5

I want to explore and experiment the ways in which I could use a neural network to identify patterns in text.

examples:

  1. Prices of XYZ stock went down at 11:00 am today
  2. Retrieve a list of items exchanged on 03/04/2018
  3. Show error logs between 3 - 5 am yesterday.
  4. Reserve a flight for 3rd October.
  5. Do I have any meetings this Friday?
  6. Remind to me wake up early tue, 4th sept

This is for a project so I am not using regular expressions. Papers, projects, ideas are all welcome but I want to approach feature extraction/pattern detection to have a model trained which can Identify patterns that it has already seen.

  • 1
    Can you clarify; the patterns that you are looking for, are they fixed in size (always extend across the same number of time-steps)? Also, have you looked at sliding/neural nets for timeseries prediction....approaches? – quintumnia Sep 02 '18 at 11:48
  • "are they fixed in size" no, they could be in any of the generally used formats, I'll that that up in the question. " have you looked at sliding/neural nets for timeseries prediction" no, I am fairly new to nlp :) – Amresh Venugopal Sep 02 '18 at 11:55
  • 1
    Sharing your research helps everyone. Tell us what you've tried and why it didn’t meet your needs instead of giving us examples based on what you assume. So this demonstrates that you’ve taken the time to try to help yourself, it saves us from reiterating obvious answers, and most of all it helps you get a more specific and relevant answer – quintumnia Sep 02 '18 at 17:21
  • This question seems to be too broad. In the body of the post, you talk about "patterns". In the title, you talk about "datetime patterns". Moreover, as suggested above, [before asking a question, it's expected that users do a little bit of research](https://ai.stackexchange.com/help/how-to-ask). – nbro Jan 06 '22 at 13:13

3 Answers3

1

If want to use deep learning approaches, you should look to recurrent neural networks (RNN). Recurrent networks will take into account temporal dependencies and could detect thatn this in this Friday belong to datetime but not in this apple.
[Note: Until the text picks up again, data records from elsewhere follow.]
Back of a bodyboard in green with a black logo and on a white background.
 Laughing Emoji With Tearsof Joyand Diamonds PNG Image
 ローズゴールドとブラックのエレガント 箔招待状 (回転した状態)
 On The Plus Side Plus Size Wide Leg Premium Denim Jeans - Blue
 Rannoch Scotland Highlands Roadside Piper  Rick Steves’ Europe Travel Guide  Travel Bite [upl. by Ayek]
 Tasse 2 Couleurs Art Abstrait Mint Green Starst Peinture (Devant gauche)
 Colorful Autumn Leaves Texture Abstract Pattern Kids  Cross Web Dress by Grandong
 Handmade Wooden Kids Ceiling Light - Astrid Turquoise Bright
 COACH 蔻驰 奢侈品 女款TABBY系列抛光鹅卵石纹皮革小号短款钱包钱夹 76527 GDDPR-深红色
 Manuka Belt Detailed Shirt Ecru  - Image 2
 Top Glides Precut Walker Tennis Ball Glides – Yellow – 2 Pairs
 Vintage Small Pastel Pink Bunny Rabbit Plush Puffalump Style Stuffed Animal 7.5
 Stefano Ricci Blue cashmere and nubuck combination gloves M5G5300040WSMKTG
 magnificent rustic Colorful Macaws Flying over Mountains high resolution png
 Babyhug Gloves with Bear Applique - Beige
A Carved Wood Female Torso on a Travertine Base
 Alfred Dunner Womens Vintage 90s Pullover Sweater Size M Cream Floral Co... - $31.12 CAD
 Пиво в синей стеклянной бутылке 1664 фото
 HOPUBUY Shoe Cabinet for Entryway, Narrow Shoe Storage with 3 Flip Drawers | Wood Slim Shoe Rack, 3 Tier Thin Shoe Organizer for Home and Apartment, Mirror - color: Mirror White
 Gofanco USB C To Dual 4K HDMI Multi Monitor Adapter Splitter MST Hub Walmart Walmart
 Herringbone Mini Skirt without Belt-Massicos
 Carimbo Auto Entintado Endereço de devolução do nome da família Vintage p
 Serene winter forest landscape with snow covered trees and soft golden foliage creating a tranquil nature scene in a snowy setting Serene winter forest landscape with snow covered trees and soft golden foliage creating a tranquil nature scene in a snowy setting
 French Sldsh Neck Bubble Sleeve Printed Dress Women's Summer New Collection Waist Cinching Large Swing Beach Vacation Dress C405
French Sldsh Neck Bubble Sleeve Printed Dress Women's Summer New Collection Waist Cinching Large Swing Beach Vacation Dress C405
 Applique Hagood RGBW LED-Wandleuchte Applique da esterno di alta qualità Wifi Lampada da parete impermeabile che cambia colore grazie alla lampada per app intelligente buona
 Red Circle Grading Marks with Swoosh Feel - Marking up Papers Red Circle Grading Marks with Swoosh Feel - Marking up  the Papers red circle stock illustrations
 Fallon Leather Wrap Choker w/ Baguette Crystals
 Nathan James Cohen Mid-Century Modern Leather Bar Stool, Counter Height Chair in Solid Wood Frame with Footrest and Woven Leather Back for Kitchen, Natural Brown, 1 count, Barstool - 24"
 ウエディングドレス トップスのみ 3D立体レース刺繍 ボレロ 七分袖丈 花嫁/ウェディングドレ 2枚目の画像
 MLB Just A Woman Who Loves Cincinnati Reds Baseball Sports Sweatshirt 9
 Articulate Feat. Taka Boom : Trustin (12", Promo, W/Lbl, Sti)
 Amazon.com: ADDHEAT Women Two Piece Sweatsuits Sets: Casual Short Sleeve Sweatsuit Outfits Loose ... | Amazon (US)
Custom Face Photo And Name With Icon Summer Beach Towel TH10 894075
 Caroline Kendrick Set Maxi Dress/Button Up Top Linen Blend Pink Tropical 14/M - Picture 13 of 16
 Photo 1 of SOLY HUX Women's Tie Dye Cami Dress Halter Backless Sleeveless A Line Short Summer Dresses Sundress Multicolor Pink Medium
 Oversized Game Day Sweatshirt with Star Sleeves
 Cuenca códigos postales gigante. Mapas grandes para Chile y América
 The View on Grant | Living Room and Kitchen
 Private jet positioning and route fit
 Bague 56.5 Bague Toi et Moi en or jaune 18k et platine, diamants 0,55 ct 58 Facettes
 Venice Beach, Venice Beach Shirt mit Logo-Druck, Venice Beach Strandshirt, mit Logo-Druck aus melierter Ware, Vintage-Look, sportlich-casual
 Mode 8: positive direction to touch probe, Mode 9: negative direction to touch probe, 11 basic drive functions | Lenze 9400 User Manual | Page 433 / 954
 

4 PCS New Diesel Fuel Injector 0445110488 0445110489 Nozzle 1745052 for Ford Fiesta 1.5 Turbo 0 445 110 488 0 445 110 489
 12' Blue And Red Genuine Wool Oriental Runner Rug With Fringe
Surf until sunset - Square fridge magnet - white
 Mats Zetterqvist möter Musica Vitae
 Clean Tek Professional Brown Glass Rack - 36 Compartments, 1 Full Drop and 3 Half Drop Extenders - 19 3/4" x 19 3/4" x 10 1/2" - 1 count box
As a simple model, you could create a model with a bidirectional LSTM layer (a type of RNN):

  • Input: the sequences of characters.
  • Output: whether the character belongs to datetime or not.

The longest part will gather many sentences with its corresponding solution to create a training/testing dataset. Keras might be a good framework to start playing around and with many examples.

Daniel GL
  • 119
  • 4
  • Most RNNs for NLP use word embeddings as input feature. It would be challenging to design such embeddings involving numbers, hyphens or other punctuation. Maybe a character-level RNN is needed. – user12075 Sep 10 '18 at 20:37
  • 1
    @DouglasDaseeco, the question didn't involve getting the value of the time. With the same structure, the output could be enriched to codify absolute (03/04/2018) and relative (this Friday) dates. – Daniel GL Sep 11 '18 at 08:35
1

Approaches

There are two main approaches to detecting any human readable representation of a discrete quantity within text.

  1. Detect well known and stable patterns in the input stream and by adjacency determine the output stream.
  2. Windowing through the text in the input stream and directly detect the quantities.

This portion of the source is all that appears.